:: Description of the task ::
The lines from the one with "Piscina en o cerca de Rainforest Eco Lodge" through the last line of the material below, copied exactly and free of pictures, make up the whole answer.

:: Data extract ::
####
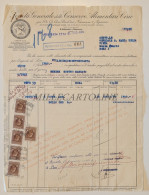 SOCIETÀ CONSERVE ALIMENTARI CIRIO S. GIOVANNI A TEDUCCIO - Carta Intestata 1935 - Non Classés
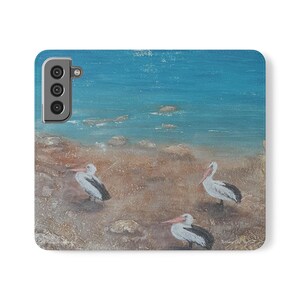 Nada mais importa - CAPA DE CELULAR CARTEIRA para Samsung e iPhones - por Kerry Sandhu Art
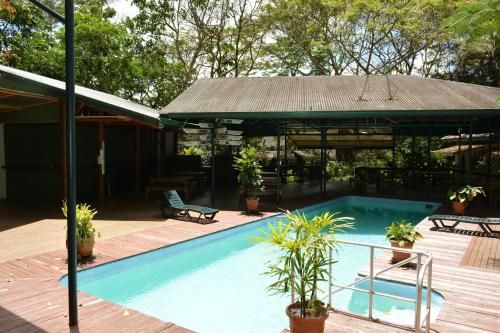 Piscina en o cerca de Rainforest Eco Lodge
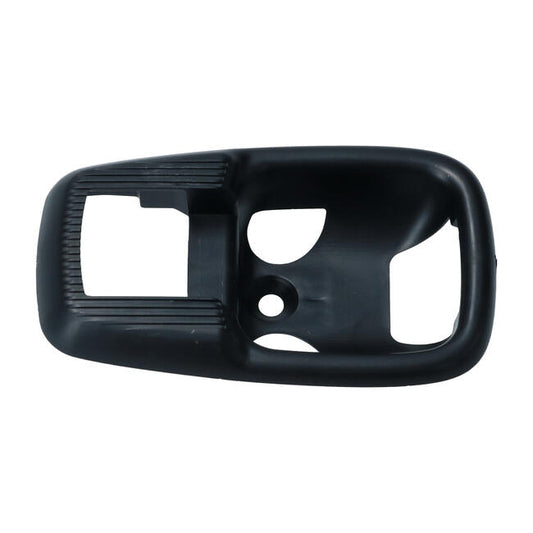 Trim plate door handle inside, black Beetle 08/66-  Karmann Ghia 08/66-07/70 Bus 68 & 08/73-07/79 Type3 08/66- Type34 08/66-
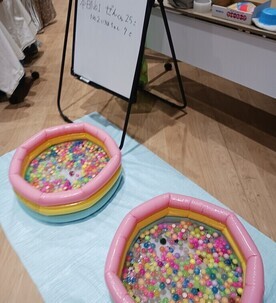 スーパーボールすくい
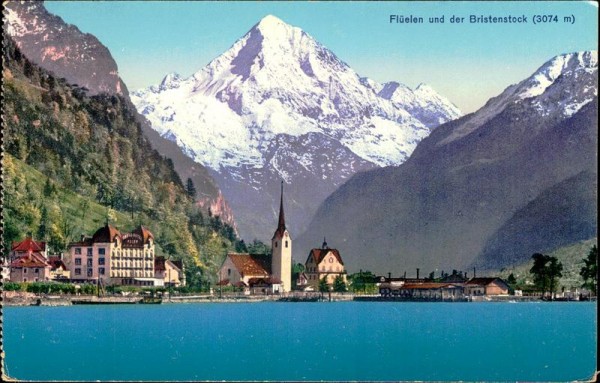 Flüelen Vorderseite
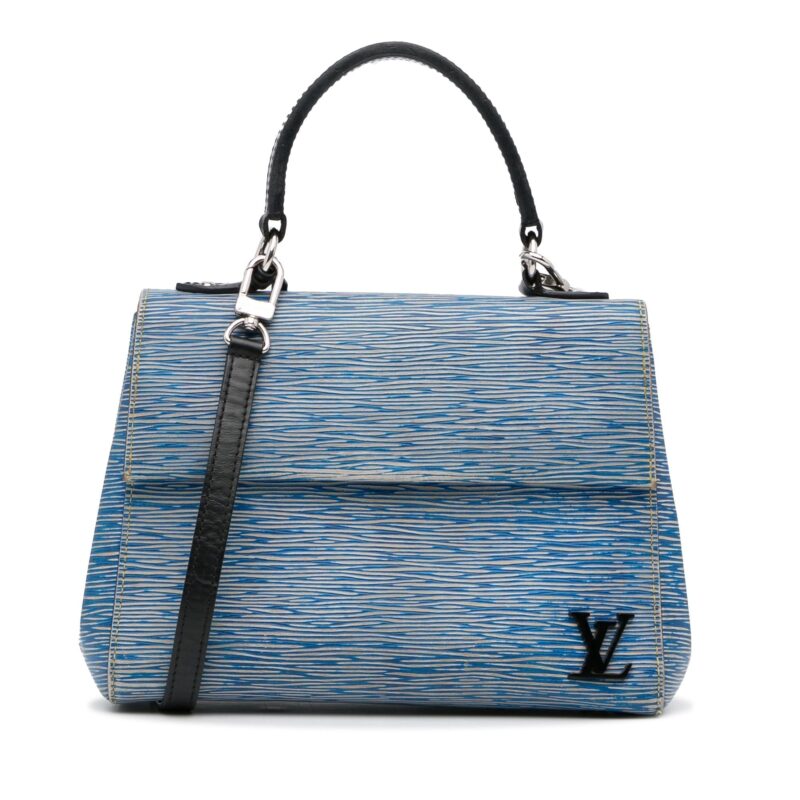 Louis Vuitton Epi Denim Cluny BB (SHG-oXzbEk) AWE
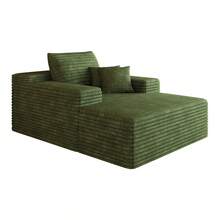 Sofa Bed Set - Green - View 11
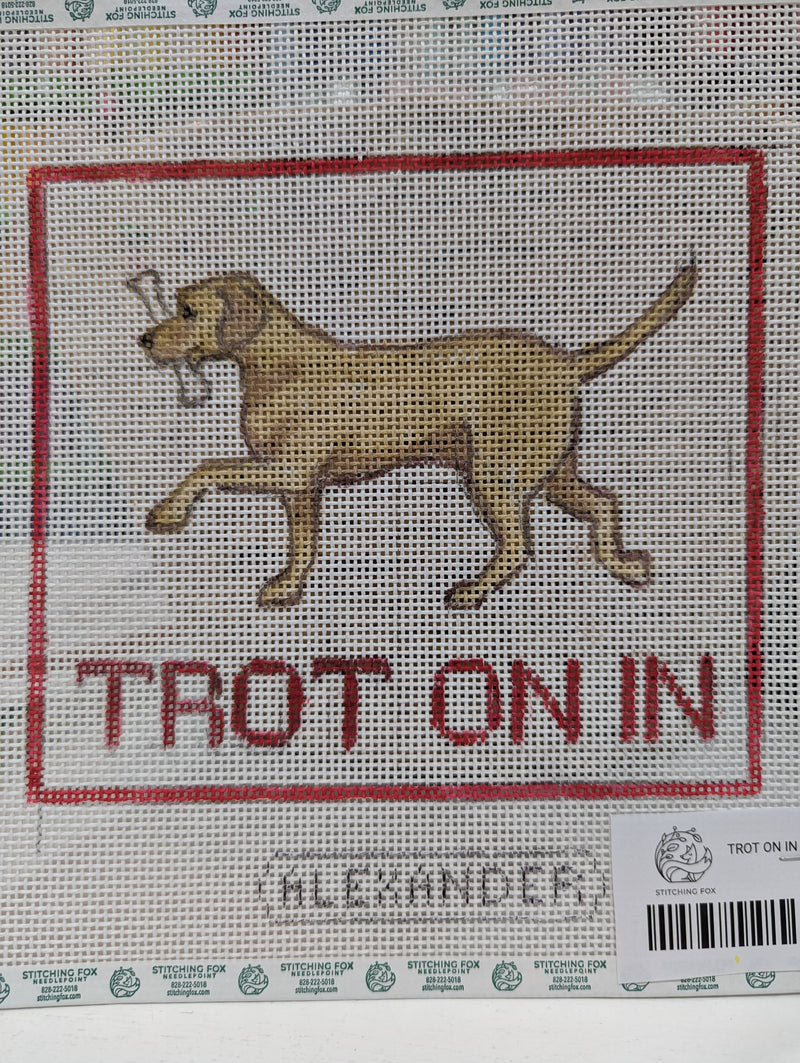 Trot On In - Lab & Bone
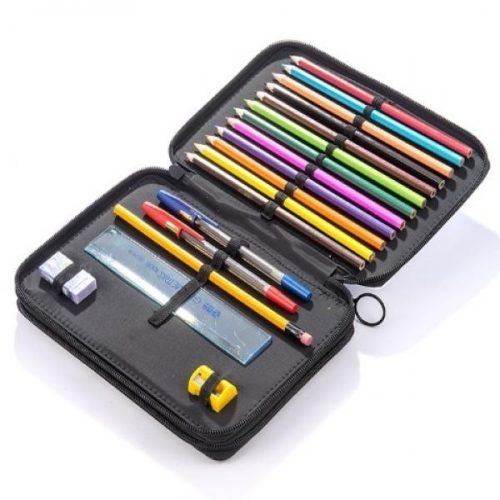 Unicornisos töltött tolltartó 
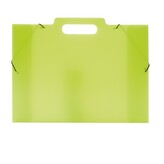 OXYBAG Desky na výkresy A3 s klopami, zelené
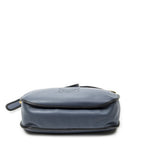 Loewesophia Messenger Blue Black Calfskin Leather — view 6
####
:: Answer for the task ::
 Piscina en o cerca de Rainforest Eco Lodge
 Trim plate door handle inside, black Beetle 08/66-  Karmann Ghia 08/66-07/70 Bus 68 & 08/73-07/79 Type3 08/66- Type34 08/66-
 スーパーボールすくい
 Flüelen Vorderseite
 Louis Vuitton Epi Denim Cluny BB (SHG-oXzbEk) AWE
 Sofa Bed Set - Green - View 11
 Trot On In - Lab & Bone
 Unicornisos töltött tolltartó 
 OXYBAG Desky na výkresy A3 s klopami, zelené
 Loewesophia Messenger Blue Black Calfskin Leather — view 6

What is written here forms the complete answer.